● What is being asked:
Copy word for word the lines in the records below, starting at the line with "3年的跑步记录，跑量并不算大" and ending at the line with "圖｜專業高效，服務至上 北京宣武企業寬帶安裝與弱電工程施工一站式解決方案". Skip the pictures.

Short web captions:
===

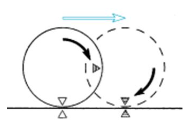 관절의 종속 운동(Accessory movements) : 네이버 블로그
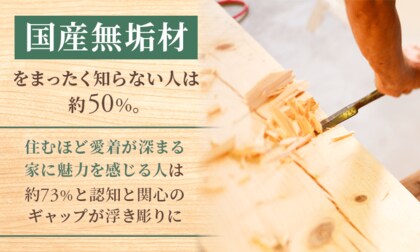 「国産無垢材」をまったく知らない人は約50%。住むほど愛着が深まる家に魅力を感じる人は約73%と認知と関心のギャップが浮き彫りに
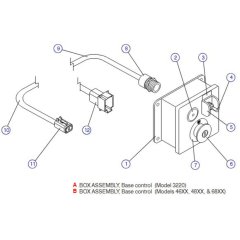 Base Control Box Assembly for Skyjack SJIII 3220 DC Scissor Lift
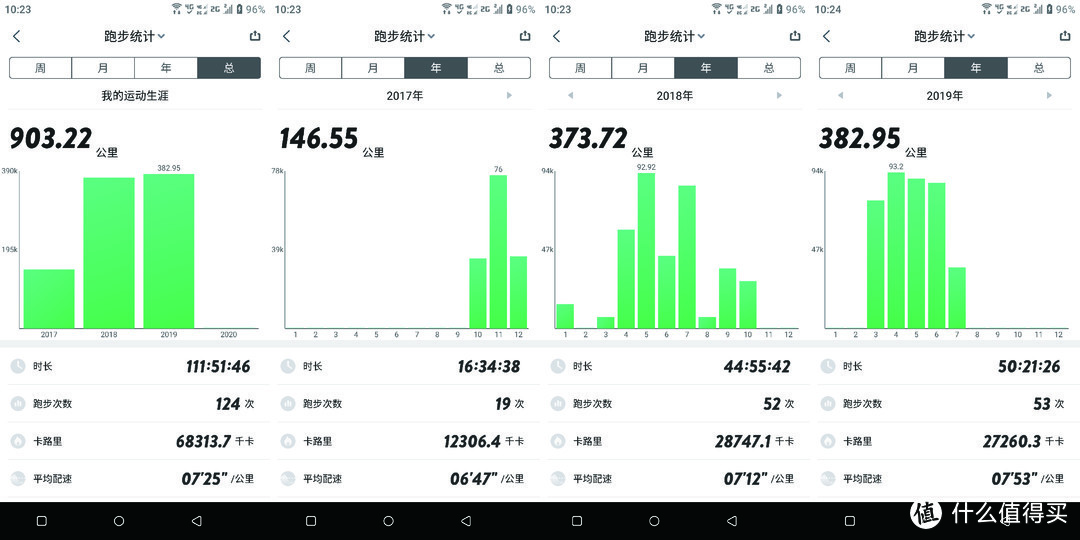 3年的跑步记录，跑量并不算大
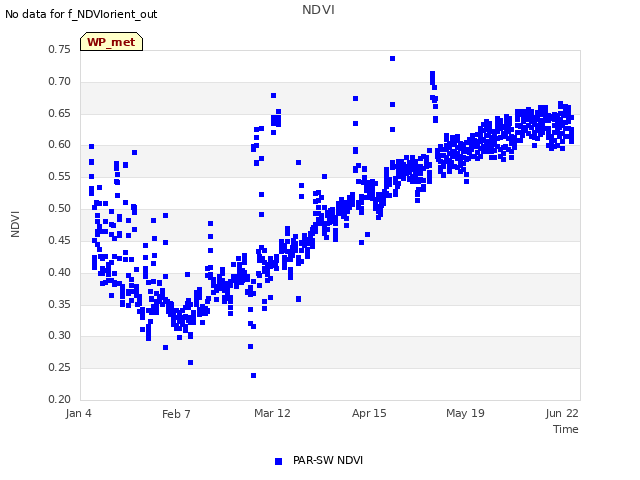 Explore the graph:NDVI in a new window
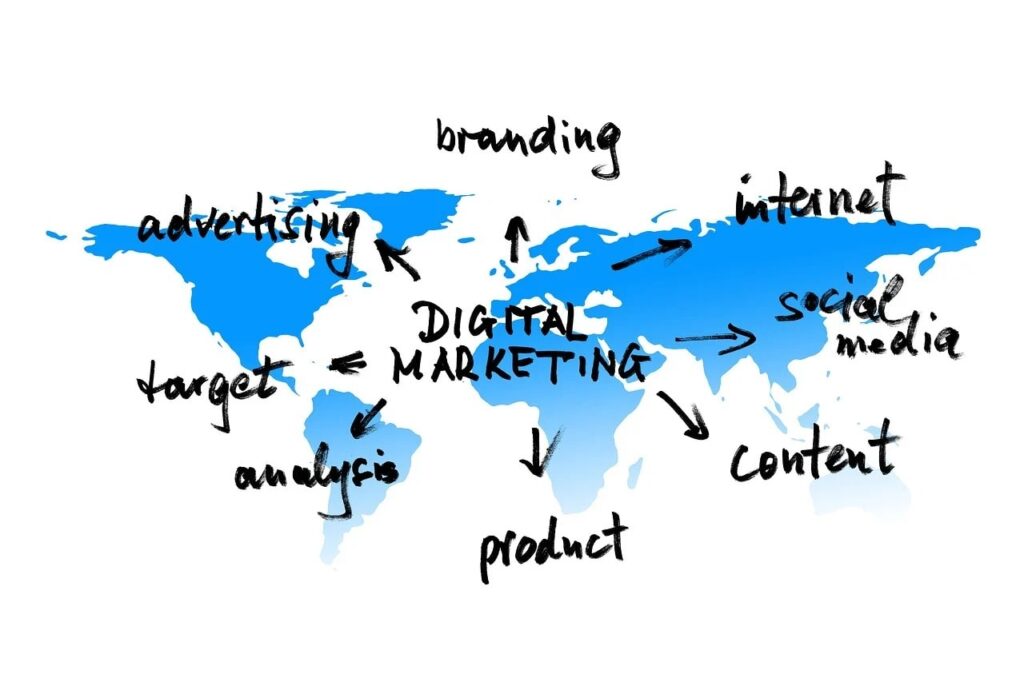 Carte du monde avec les différentes composantes du digital marketing écrites dessus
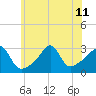 Nannaquaket Neck tide chart for Thursday, July 11, 2024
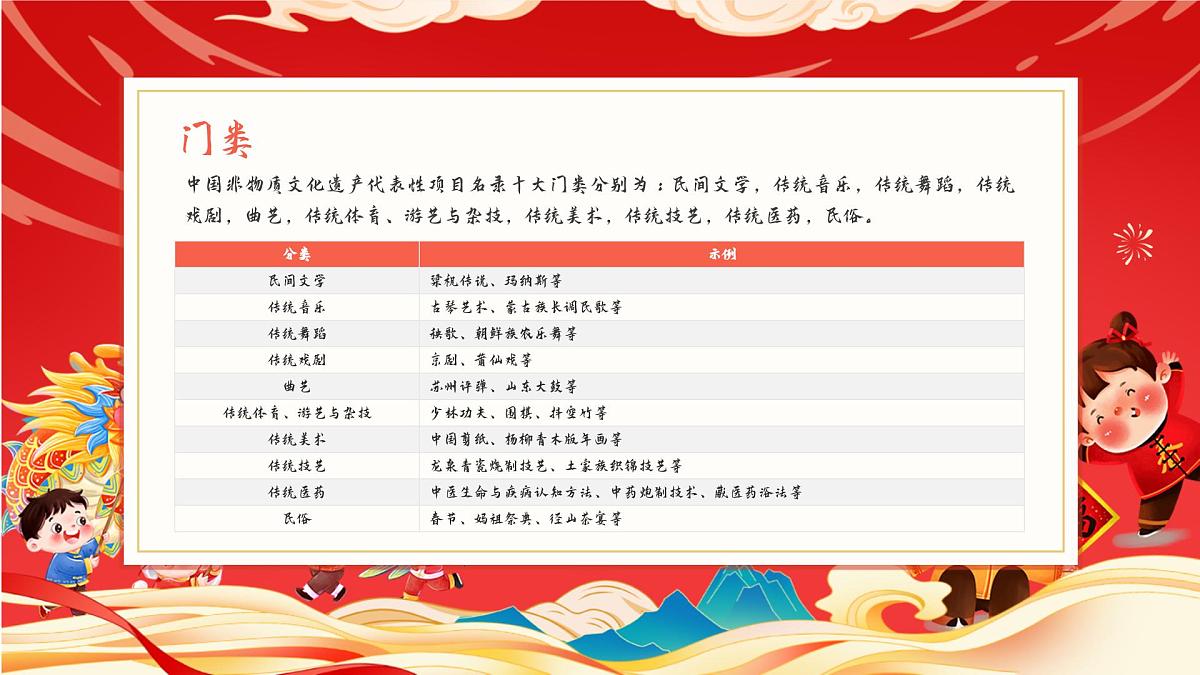 小学生主题班会通用版中国非物质文化遗产主题活动 课件第7页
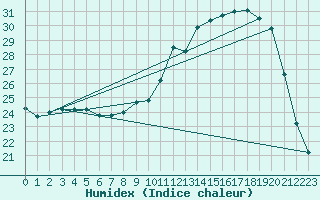 Courbe de l'humidex pour Brest (29)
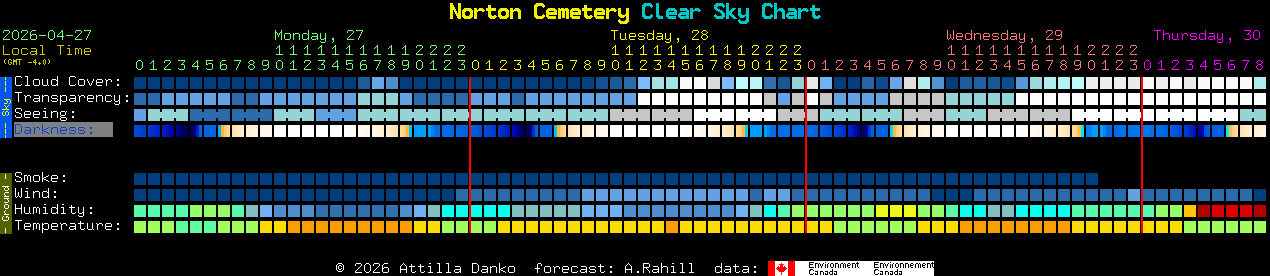 Current forecast for Norton Cemetery Clear Sky Chart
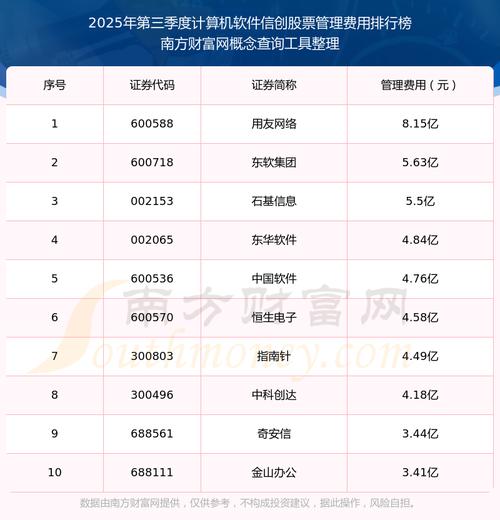 炒股软件排行榜2025_炒股软件排行榜可信度_辨别炒股软件收费陷阱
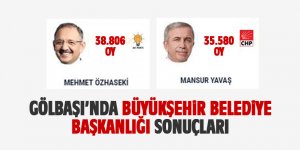 Gölbaşı Büyükşehir Belediye Başkanlığı sonuçları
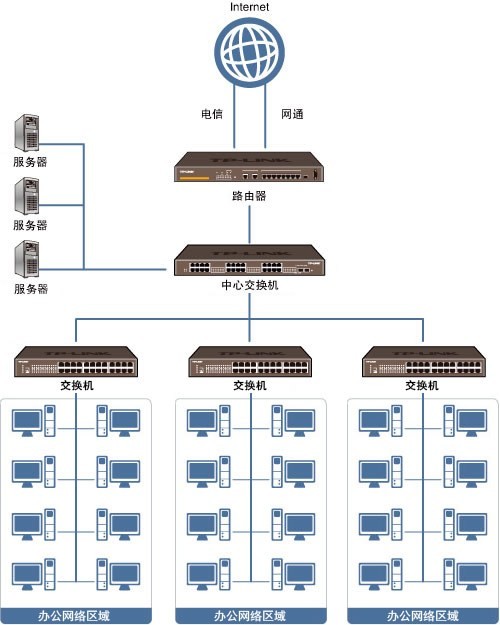 圖｜專業高效，服務至上 北京宣武企業寬帶安裝與弱電工程施工一站式解決方案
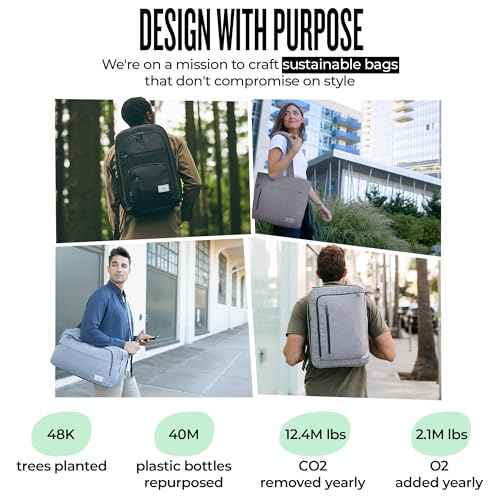 Solo New York Laptop Backpack for Women & Men -Carry On Bookbag for Travel & Work, Lightweight Bag, Side Mesh Pockets, Fits 15.6" Computer - Re:Fresh, Black
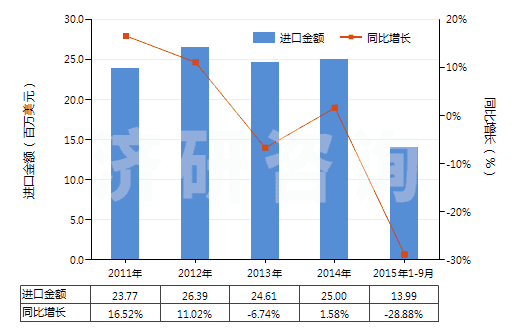 2011-2015年9月中國石蠟（按重量計含油量＜0.75％）(HS27122000)進口總額及增速統(tǒng)計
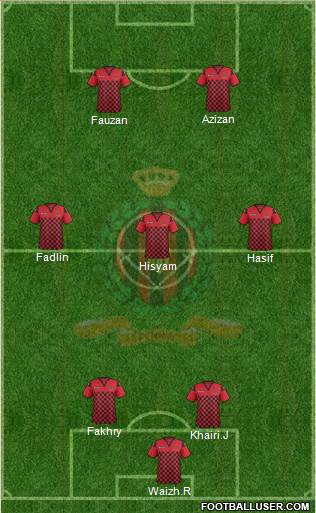 Duli Pengiran Muda Mahkota FC Formation 2015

===

● Response to this task:
 3年的跑步记录，跑量并不算大
 Explore the graph:NDVI in a new window
 Carte du monde avec les différentes composantes du digital marketing écrites dessus
 Nannaquaket Neck tide chart for Thursday, July 11, 2024
 小学生主题班会通用版中国非物质文化遗产主题活动 课件第7页
 Courbe de l'humidex pour Brest (29)
 Current forecast for Norton Cemetery Clear Sky Chart
 炒股软件排行榜2025_炒股软件排行榜可信度_辨别炒股软件收费陷阱
 Gölbaşı Büyükşehir Belediye Başkanlığı sonuçları
 圖｜專業高效，服務至上 北京宣武企業寬帶安裝與弱電工程施工一站式解決方案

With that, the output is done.